(Exercise materials Opens)

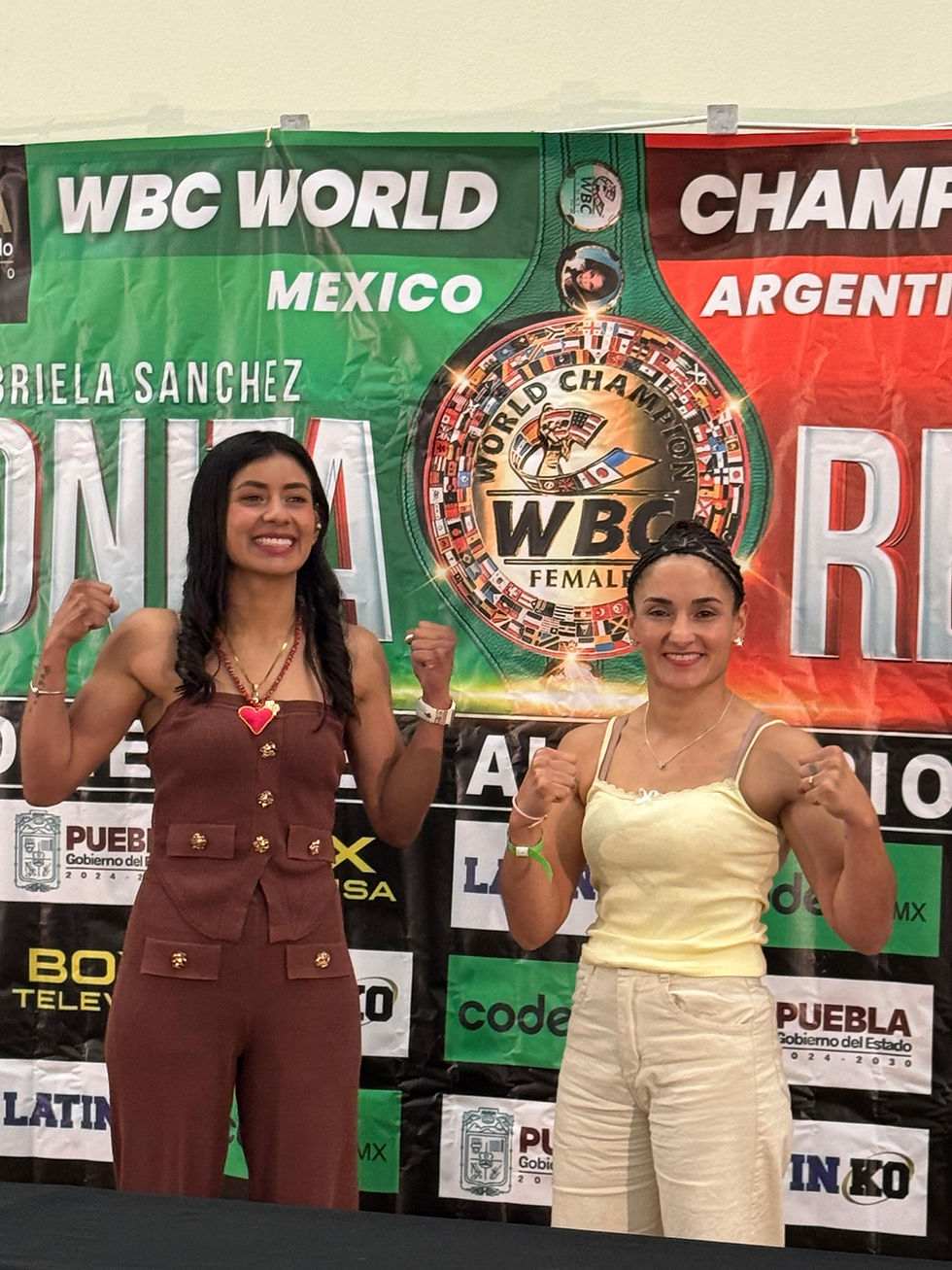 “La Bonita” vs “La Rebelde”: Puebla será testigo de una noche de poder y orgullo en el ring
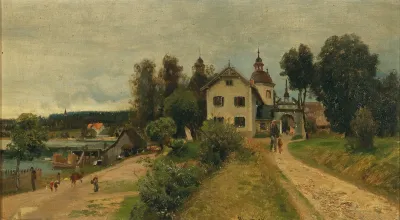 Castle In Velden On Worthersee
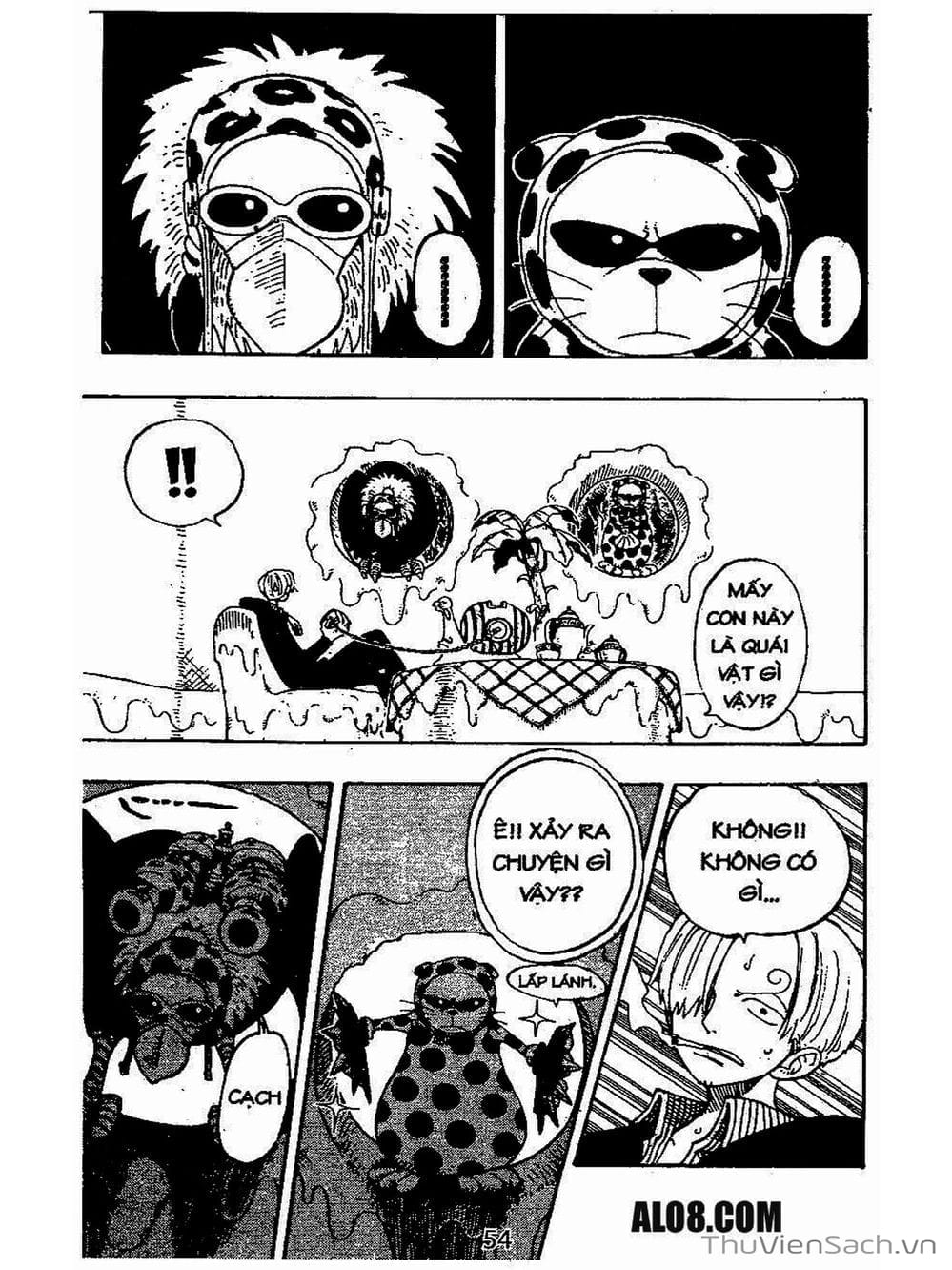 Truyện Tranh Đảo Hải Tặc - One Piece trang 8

(Exercise materials Closes)
(Exercise materials Opens)

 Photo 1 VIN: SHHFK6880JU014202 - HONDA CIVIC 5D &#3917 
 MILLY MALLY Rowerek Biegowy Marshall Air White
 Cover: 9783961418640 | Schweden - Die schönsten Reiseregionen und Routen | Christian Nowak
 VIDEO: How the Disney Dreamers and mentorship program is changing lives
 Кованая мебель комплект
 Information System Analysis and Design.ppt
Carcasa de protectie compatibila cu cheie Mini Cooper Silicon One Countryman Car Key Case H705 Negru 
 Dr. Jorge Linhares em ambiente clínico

(Exercise materials Closes)
(Exercise materials Opens)

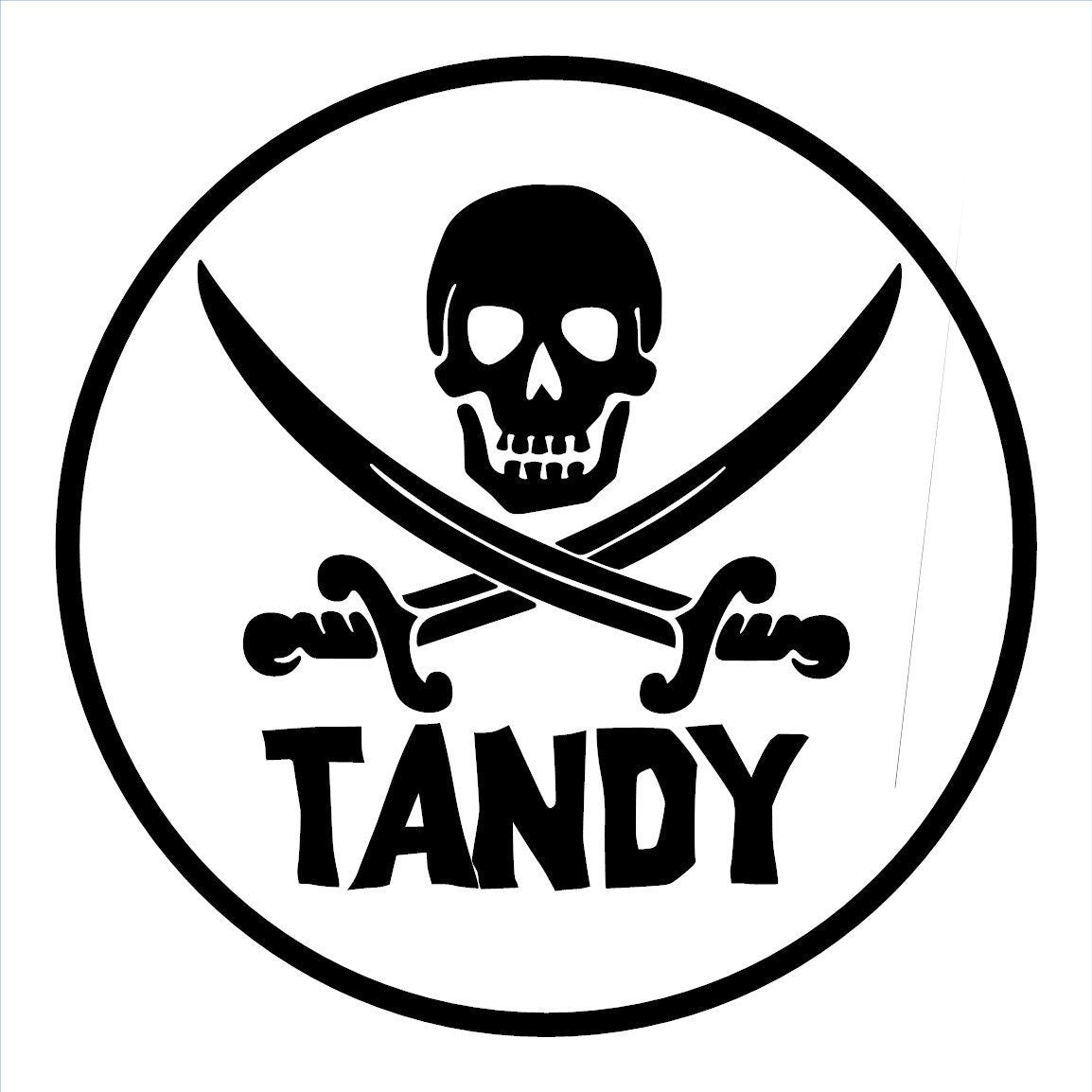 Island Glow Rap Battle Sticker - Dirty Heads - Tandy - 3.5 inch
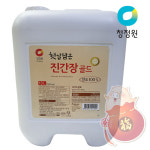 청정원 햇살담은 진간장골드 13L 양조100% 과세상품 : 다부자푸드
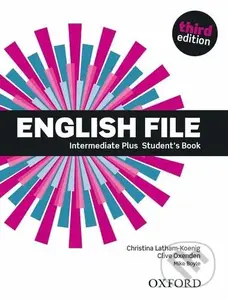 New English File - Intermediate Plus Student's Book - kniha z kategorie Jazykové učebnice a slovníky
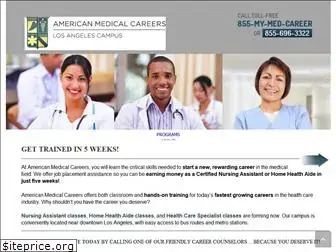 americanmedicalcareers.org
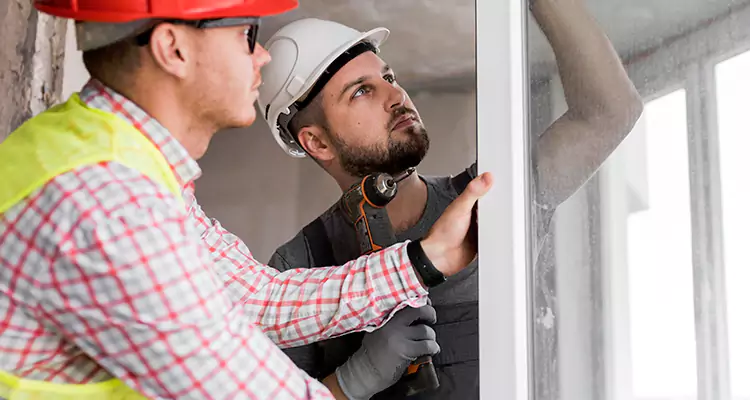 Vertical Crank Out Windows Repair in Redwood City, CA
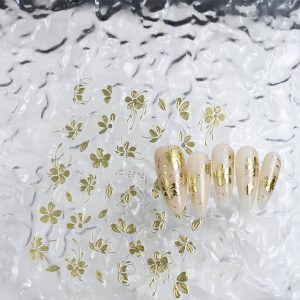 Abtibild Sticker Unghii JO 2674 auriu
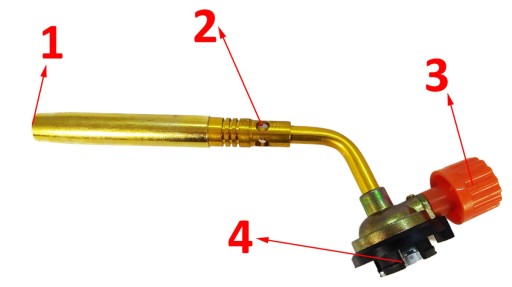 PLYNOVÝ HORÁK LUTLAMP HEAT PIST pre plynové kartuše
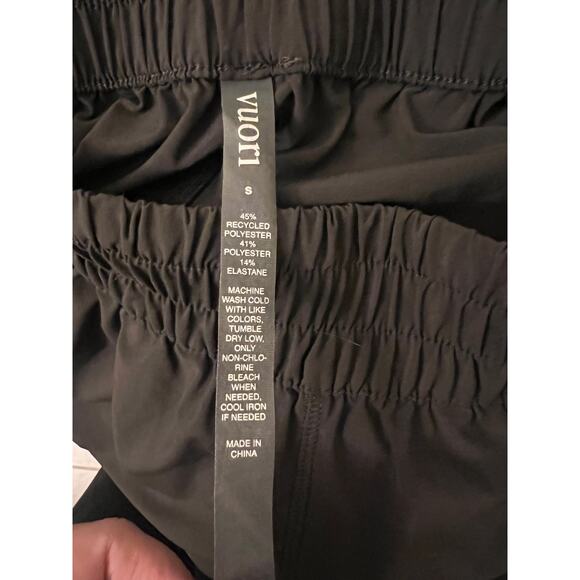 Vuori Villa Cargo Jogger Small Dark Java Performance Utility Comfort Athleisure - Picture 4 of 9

(Exercise materials Closes)

Excerpt from the records above: set down only the lines from the one that contains "Island Glow Rap" through the one that contains "Vuori Villa Cargo", inclusive, word for word. Pictures stay out.

 Island Glow Rap Battle Sticker - Dirty Heads - Tandy - 3.5 inch
 청정원 햇살담은 진간장골드 13L 양조100% 과세상품 : 다부자푸드
 New English File - Intermediate Plus Student's Book - kniha z kategorie Jazykové učebnice a slovníky
 americanmedicalcareers.org
 Vertical Crank Out Windows Repair in Redwood City, CA
 Abtibild Sticker Unghii JO 2674 auriu
 PLYNOVÝ HORÁK LUTLAMP HEAT PIST pre plynové kartuše
 Vuori Villa Cargo Jogger Small Dark Java Performance Utility Comfort Athleisure - Picture 4 of 9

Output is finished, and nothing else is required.